Equally important, the plan overlooks the all-important problem of traffic congestion. Over the past century, the area around the White House has grown from a residential neighborhood to a booming office center. Any new plan needs to take into account the fact that traffic will only increase as the city grows. So why close a central artery without providing a suitable alternative?
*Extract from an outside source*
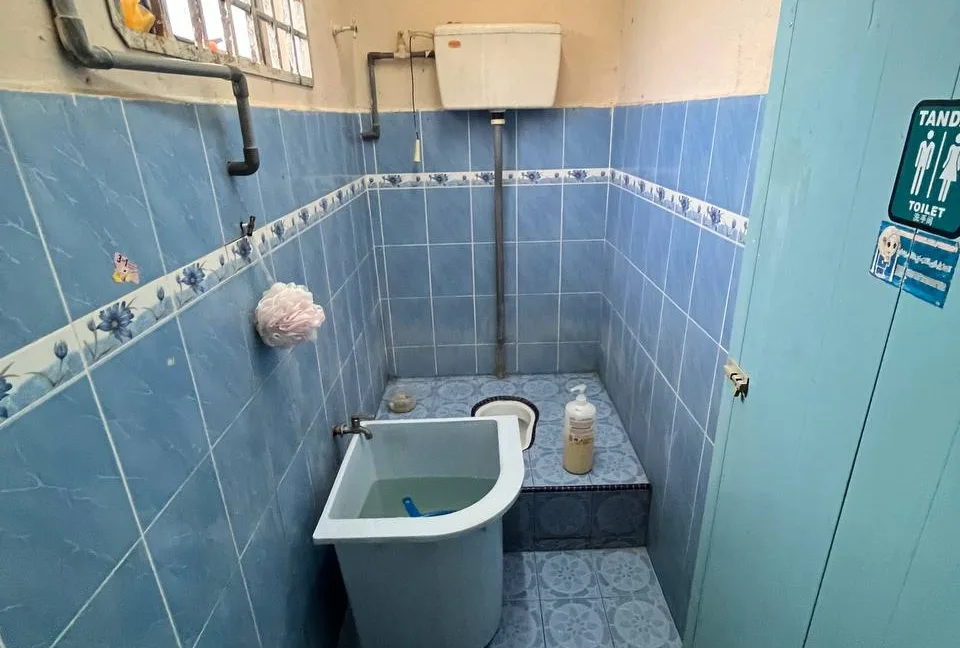 rumah-teres-satu-tingkat-endlot-untuk-dijual-di-taman-chepor-jaya-ipoh-16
Of course, there are serious security concerns to be addressed. But that can be done while remaining faithful to the sort of long-term thinking and vision that George Washington and L'Enfant brought to the city's original design, and that the McMillan Commission adapted a century later when it expanded the core of the capital.

Given the evidence we now have of the damage unrestricted vehicular traffic can bring, I would now propose building a tunnel to the south on E Street, between the White House and the Ellipse, to maintain the traffic flow, but at a greater distance from the White House itself. (This would also allow pedestrians--now as many as 250 tourists every five minutes during White House tour hours--to move more freely between the Ellipse and the White House. A recent Federal Highway Administration plan to widen E Street and allow two-way traffic there would, in contrast, make crossing more difficult.)

During the 20th century, we have constructed nearly a dozen automobile tunnels of varying lengths in the city to accommodate the realities of increased traffic. They have worked. And once a long-term alternate commuter route is established, the historic avenue could be reopened in front of the White House to controlled traffic in any of several ways. Think of Rock Creek Park or New York's Central Park, both of which are used by pedestrians, cyclists and rollerbladers on weekends and by commuters during the week; the usage can change not only from weekdays to weekends, but from season to season.

With this sort of flexibility, the possibilities for Pennsylvania Avenue are as exciting as they are varied. Why not repave the roadway to bring to mind the 19th-century character of Lafayette Square, with old town tour buses, horses and buggies, and even vintage cars available as a means for tourists to view the White House?

L'Enfant built flexibility into his original design, and it is up to us now to exploit it wisely--not destroy it. Flexibility is the key to any future plan.

Our aim should be to enrich the core of Washington. It should be to bring more life to a city that has become too cold, too monumental and too sterile. Other major international cities, such as New York, San Francisco, Paris and London, have a vitality to their street life that Washington should be striving for. Despite threats of IRA terrorism, London has succeeded in maintaining vitality along its grand avenue, Pall Mall, keeping its art galleries, monuments and historical buildings alive with people.

With ever increasing numbers of tourists who come to our capital, we should be trying to make their visits as enjoyable and educational as possible. The White House should remain central--as a living symbol of our democracy.

John Carl Warnecke is founder of the Warnecke Institute of Design, Art and Architecture based in Sonoma County and San Francisco, Calif.